Print the data below again in full, exactly as it stands, with no images.

------ Source material

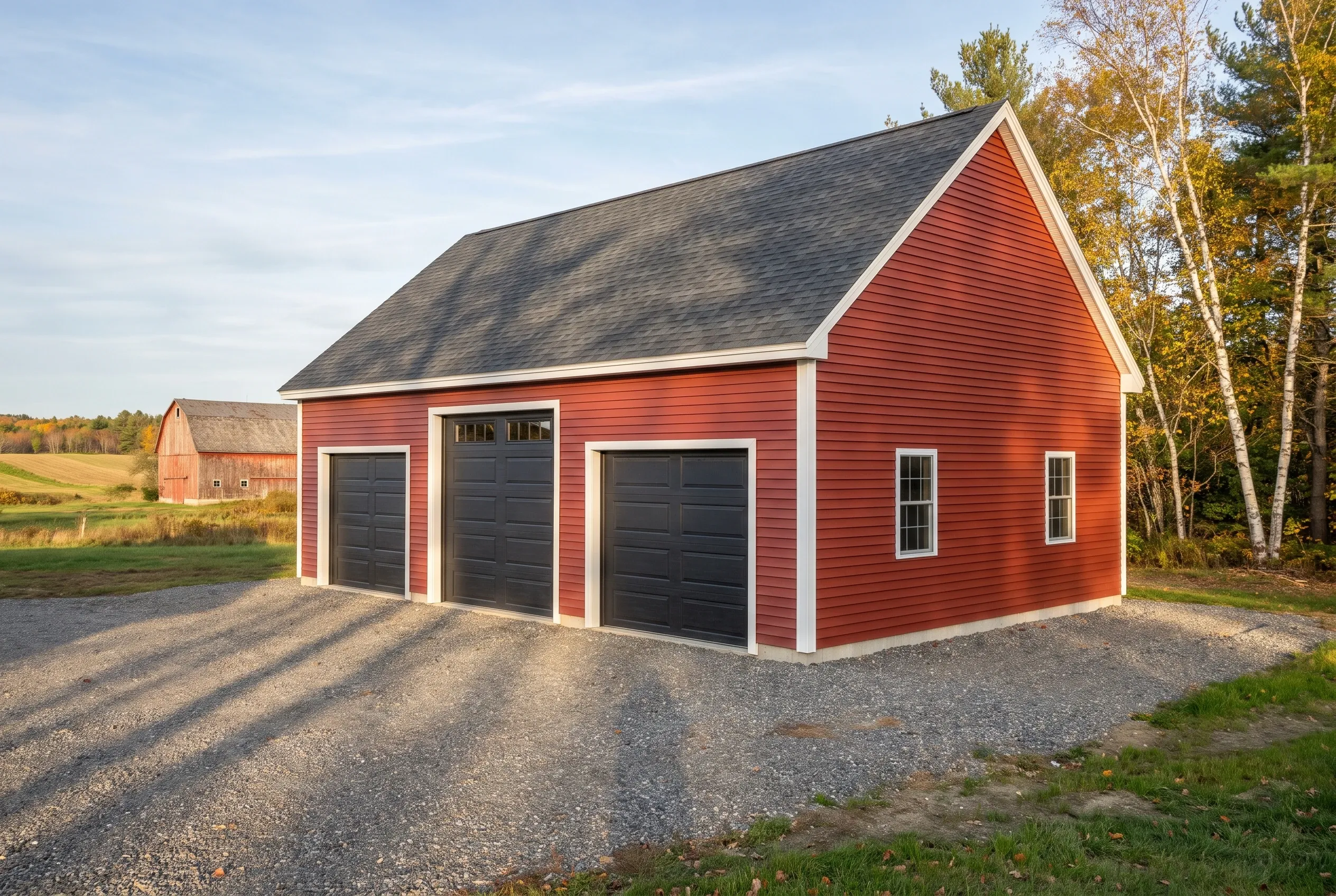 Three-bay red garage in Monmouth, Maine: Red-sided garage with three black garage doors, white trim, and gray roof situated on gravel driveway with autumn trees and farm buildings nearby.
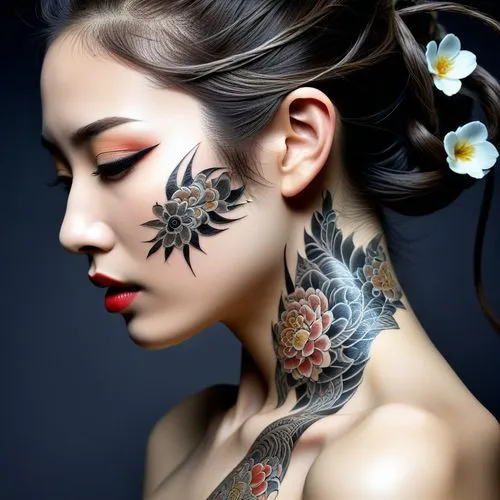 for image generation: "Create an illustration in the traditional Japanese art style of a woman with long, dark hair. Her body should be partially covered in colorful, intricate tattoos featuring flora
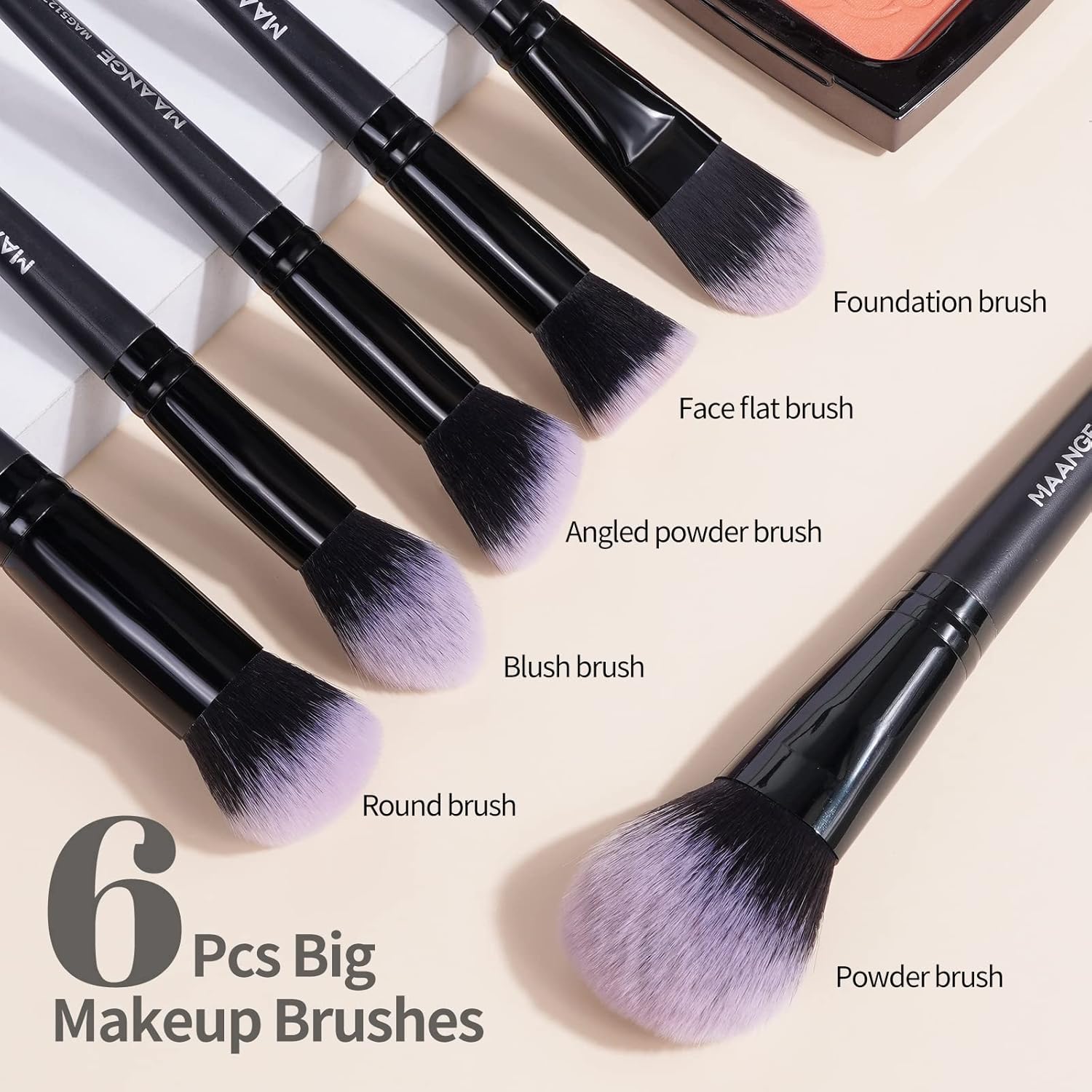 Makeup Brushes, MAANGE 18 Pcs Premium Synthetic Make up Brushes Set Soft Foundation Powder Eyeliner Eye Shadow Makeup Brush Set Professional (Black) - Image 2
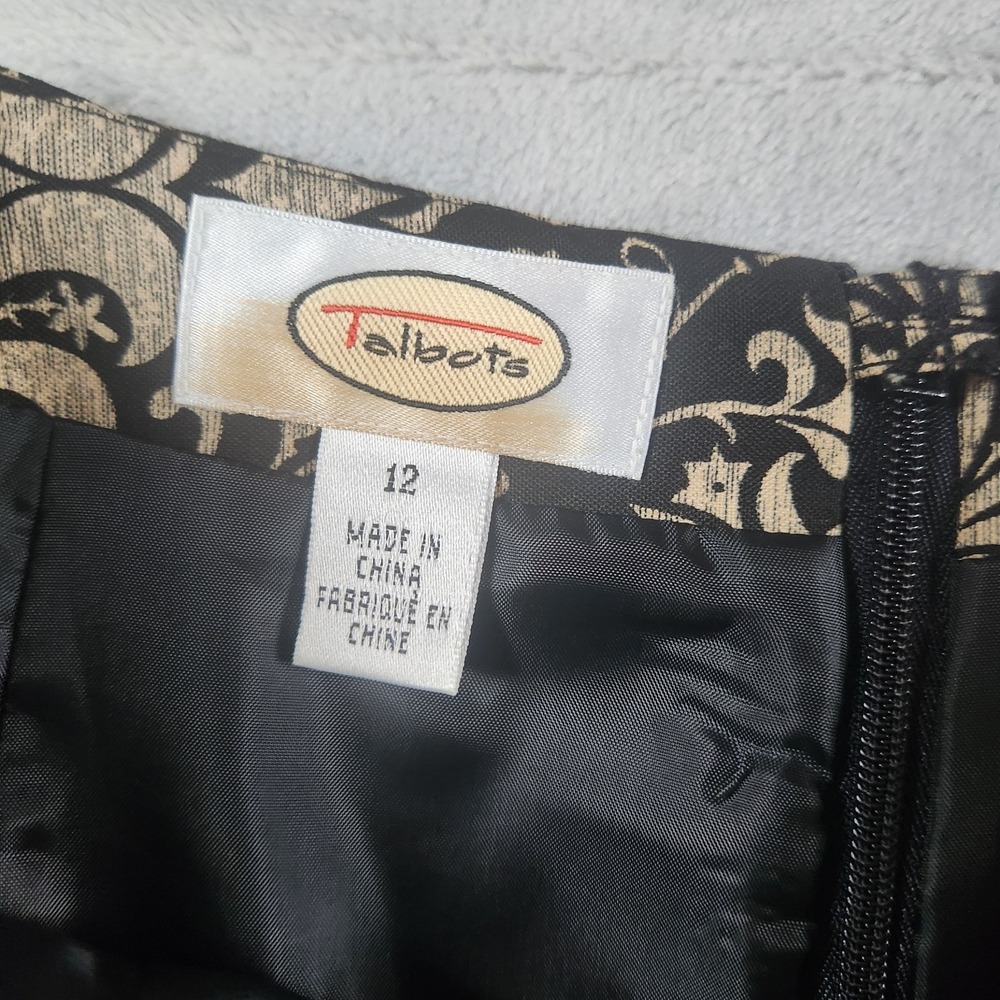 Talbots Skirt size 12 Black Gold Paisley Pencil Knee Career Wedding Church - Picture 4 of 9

------------

--- Problem solution ---
 Three-bay red garage in Monmouth, Maine: Red-sided garage with three black garage doors, white trim, and gray roof situated on gravel driveway with autumn trees and farm buildings nearby.
 for image generation: "Create an illustration in the traditional Japanese art style of a woman with long, dark hair. Her body should be partially covered in colorful, intricate tattoos featuring flora
 Makeup Brushes, MAANGE 18 Pcs Premium Synthetic Make up Brushes Set Soft Foundation Powder Eyeliner Eye Shadow Makeup Brush Set Professional (Black) - Image 2
 Talbots Skirt size 12 Black Gold Paisley Pencil Knee Career Wedding Church - Picture 4 of 9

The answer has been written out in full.